[INFORMATION GIVEN — start]
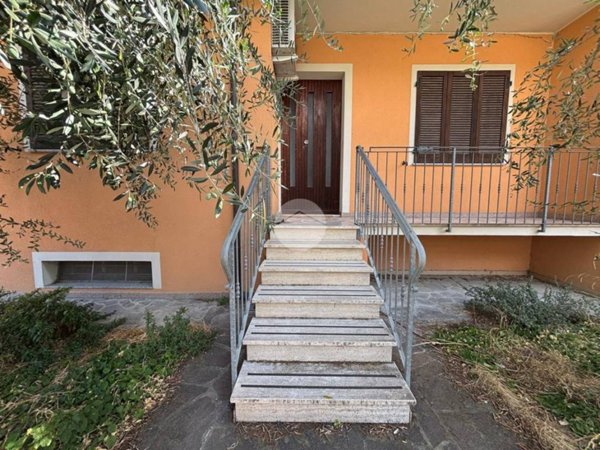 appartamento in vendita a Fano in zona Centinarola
[INFORMATION GIVEN — finish]
[INFORMATION GIVEN — start]
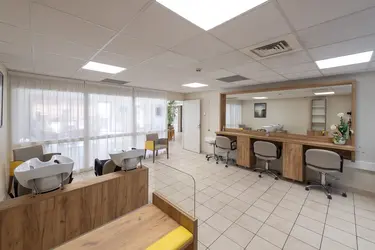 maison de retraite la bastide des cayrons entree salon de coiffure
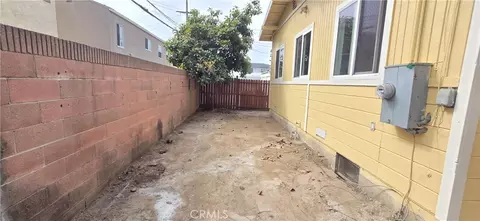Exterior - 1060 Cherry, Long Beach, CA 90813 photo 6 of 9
[INFORMATION GIVEN — finish]
## EXERCISE BRIEF:
Given the listing above, retype only the span of lines from the line with "maison de retraite" up to and including the line with "Exterior - 1060", exactly as it stands and without pictures.

## TASK OUTPUT:
 maison de retraite la bastide des cayrons entree salon de coiffure
Exterior - 1060 Cherry, Long Beach, CA 90813 photo 6 of 9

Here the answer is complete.